USCIRF’s independence and bipartisanship enables it to unflinchingly identify threats to religious freedom abroad. In its 2022 Annual Report, USCIRF recommends 15 countries to the State Department for designation as “countries of particular concern” (CPCs) because their governments engage in or tolerate “systematic, ongoing, and egregious violations.” These include 10 that the State Department designated as CPCs in November 2021: Burma, China, Eritrea, Iran, North Korea, Pakistan, Russia, Saudi Arabia, Tajikistan, and Turkmenistan—as well as five others: Afghanistan, India, Nigeria, Syria, and Vietnam. For the first time ever, the State Department designated Russia as a CPC in 2021, which USCIRF had been recommending since 2017. Regrettably, the State Department removed Nigeria as a CPC though it had been added the previous year and religious freedom conditions remain dire.
The 2022 Annual Report also recommends 12 countries for placement on the State Department’s Special Watch List (SWL) based on their governments’ perpetration or toleration of severe violations.
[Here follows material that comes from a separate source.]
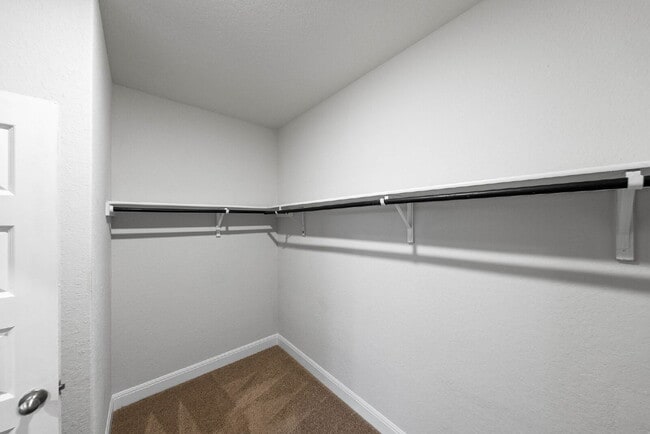 Building Photo - Inviting Comfort & Everyday Ease – 4 Bed, ...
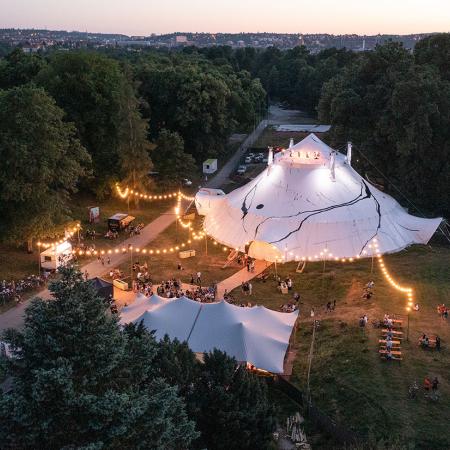 Šapitó Azylu 78 na pražském Výstavišti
These include three that the State Department placed on that list in November 2021: Algeria, Cuba, and Nicaragua—as well as nine others: Azerbaijan, CAR, Egypt, Indonesia, Iraq, Kazakhstan, Malaysia, Turkey, and Uzbekistan. In 2021, USCIRF removed CAR from its SWL recommendations because incidents of religious targeting and violence had decreased during 2020, but these trends have since been reversed.
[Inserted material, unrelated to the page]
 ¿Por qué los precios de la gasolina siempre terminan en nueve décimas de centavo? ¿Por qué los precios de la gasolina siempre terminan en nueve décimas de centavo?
The 2022 Annual Report further recommends to the State Department seven non-state actors for redesignation as “entities of particular concern” (EPCs) for systematic, ongoing, egregious violations. The State Department designated all seven of these groups as EPCs in November 2021: al-Shabaab, Boko Haram, the Houthis, Hay’at Tahrir al-Sham (HTS), Islamic State in the Greater Sahara (ISGS), Islamic State in West Africa Province (ISWAP or ISIS-West Africa), and Jamaat Nasr al-Islam wal Muslimin (JNIM).
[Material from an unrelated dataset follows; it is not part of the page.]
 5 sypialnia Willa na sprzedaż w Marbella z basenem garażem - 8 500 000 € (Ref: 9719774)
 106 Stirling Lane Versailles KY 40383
“Throughout the past year, the U.S. government continued to condemn abuses of religious freedom and hold perpetrators accountable through targeted sanctions and other tools at its disposal. Moving forward, the United States should take additional steps to support freedom of religion or belief around the world. USCIRF’s 2022 Annual Report makes recommendations on how Congress and the Executive Branch can further advance this universal, fundamental human right,” USCIRF Vice Chair Nury Turkel stated.
In addition to chapters with key findings and U.S. policy recommendations for these 27 countries, the annual report describes and assesses U.S. international religious freedom policy overall. The report also highlights important global developments and trends related to religious freedom during 2021—including in countries that do not meet the criteria for CPC or SWL recommendations. These include: the COVID-19 pandemic and religious freedom, blasphemy and hate speech law enforcement, transnational repression, religious intolerance in Europe, deteriorating religious freedom conditions in South Asia, and political upheaval that raises religious freedom concerns.
The report also includes sections highlighting key USCIRF recommendations that the U.S. government has implemented from USCIRF’s 2021 Annual Report, discussing human rights violations perpetrated based on the coercive enforcement of interpretations of religion, and providing details on individuals included in USCIRF’s Freedom or Religion or Belief (FoRB) Victims List and Religious Prisoners of Conscience Project.